II. Yeni, biçimsel ve dilsel pratiğinden daha çok bir tavırdır, yenilikçi bir tavır olarak önemlidir ve bu yönüyle ele alınmalıdır. Yani II. Yeni’ye pratiğini göz önünde tutarak değil, ama yaklaşımını göz önüne alarak yaklaşılmalıdır. II. Yeni, ancak II. Yeni’nin tavrıyla aşılabilecek bir şiir, dışına çıkılabilecek bir şiirsel zindandır.
Â
Peki, bu nasıl yapılabilir? Bu, ancak II. Yeni’nin pratiğine teslim olmamakla, daha doğrusu bu pratiğin içselleştirilip aşılmasıyla mümkün olabilir. II. Yeni özümsenip dışkılanacaktır; safrası atılacaktır. II. Yeni daha çok dilsel bir mücadeledir, anlamı dilde açtığı yarıklarda, sentaksın yarılmasında, imgenin özgürleştirilmesinde bulmuştur.
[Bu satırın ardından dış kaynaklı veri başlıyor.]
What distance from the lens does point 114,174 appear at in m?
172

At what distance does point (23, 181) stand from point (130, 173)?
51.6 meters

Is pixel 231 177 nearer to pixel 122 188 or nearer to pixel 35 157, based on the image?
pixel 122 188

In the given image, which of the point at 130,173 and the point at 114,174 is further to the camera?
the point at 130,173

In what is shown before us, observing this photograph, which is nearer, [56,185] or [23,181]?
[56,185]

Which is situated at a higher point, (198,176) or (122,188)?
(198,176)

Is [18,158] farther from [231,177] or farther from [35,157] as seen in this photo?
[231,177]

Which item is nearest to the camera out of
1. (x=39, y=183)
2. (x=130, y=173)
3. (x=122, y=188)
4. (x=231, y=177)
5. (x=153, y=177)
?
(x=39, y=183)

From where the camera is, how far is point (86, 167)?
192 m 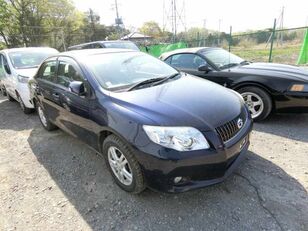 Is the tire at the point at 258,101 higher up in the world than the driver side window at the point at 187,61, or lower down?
lower down

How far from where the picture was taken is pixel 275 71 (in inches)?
176

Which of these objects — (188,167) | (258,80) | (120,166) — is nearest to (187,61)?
(258,80)

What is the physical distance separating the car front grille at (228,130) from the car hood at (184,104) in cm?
4

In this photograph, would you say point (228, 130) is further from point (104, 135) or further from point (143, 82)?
point (104, 135)

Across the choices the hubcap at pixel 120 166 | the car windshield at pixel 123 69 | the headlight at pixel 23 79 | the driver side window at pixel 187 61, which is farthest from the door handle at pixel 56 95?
the driver side window at pixel 187 61

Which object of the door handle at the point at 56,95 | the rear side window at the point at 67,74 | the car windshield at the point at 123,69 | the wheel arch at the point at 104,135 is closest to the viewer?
the wheel arch at the point at 104,135

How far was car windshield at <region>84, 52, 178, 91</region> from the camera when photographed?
10.1 feet

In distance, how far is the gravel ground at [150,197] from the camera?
2385 millimetres

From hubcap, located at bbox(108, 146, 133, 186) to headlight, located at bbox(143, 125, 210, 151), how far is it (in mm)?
537

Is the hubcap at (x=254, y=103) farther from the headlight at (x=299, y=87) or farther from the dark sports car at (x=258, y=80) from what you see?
the headlight at (x=299, y=87)

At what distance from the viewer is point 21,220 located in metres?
2.60

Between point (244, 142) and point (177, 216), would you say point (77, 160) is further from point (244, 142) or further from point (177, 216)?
point (244, 142)

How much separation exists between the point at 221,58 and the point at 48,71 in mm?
3472

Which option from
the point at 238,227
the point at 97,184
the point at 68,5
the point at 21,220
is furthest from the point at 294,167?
the point at 68,5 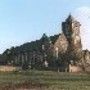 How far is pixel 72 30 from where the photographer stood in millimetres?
131375

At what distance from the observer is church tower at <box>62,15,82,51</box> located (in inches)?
5157

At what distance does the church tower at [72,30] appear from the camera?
430 feet

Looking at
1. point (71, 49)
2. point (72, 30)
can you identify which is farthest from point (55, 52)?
point (72, 30)

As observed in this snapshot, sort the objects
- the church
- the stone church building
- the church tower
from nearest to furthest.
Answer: the stone church building, the church, the church tower

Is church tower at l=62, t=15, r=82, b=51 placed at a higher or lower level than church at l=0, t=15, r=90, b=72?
higher

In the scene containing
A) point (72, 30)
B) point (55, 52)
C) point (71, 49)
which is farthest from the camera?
point (72, 30)

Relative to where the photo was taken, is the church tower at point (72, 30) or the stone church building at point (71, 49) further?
the church tower at point (72, 30)

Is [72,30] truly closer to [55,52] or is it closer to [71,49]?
[71,49]

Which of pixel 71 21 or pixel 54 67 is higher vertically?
pixel 71 21

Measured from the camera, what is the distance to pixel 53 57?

Yani, ağırlıklı olarak dil düzeyinde bir girişimdir. Yapılacak olan ise dilin de berisine gitmek, dilin henüz oluşmadığı bölgeye inmektir. İnmektir diyorum, çünkü bu bölge derindedir, coğrafyada değil. Coğrafi değil, madensel bir girişim olmalıdır bu, ki II. Yeni aritmetikseldir (cebirsel), evet ondan önceki şiirimiz geometriktir: şöyle, önce geometrik şiir, sonra aritmetiksel şiir geldi; şimdi ise kimyasal bir şiire ihtiyaç var. Kimyasal şiir dili geçip aşmış, imgenin yapısına ve bileşimine yönelmiştir.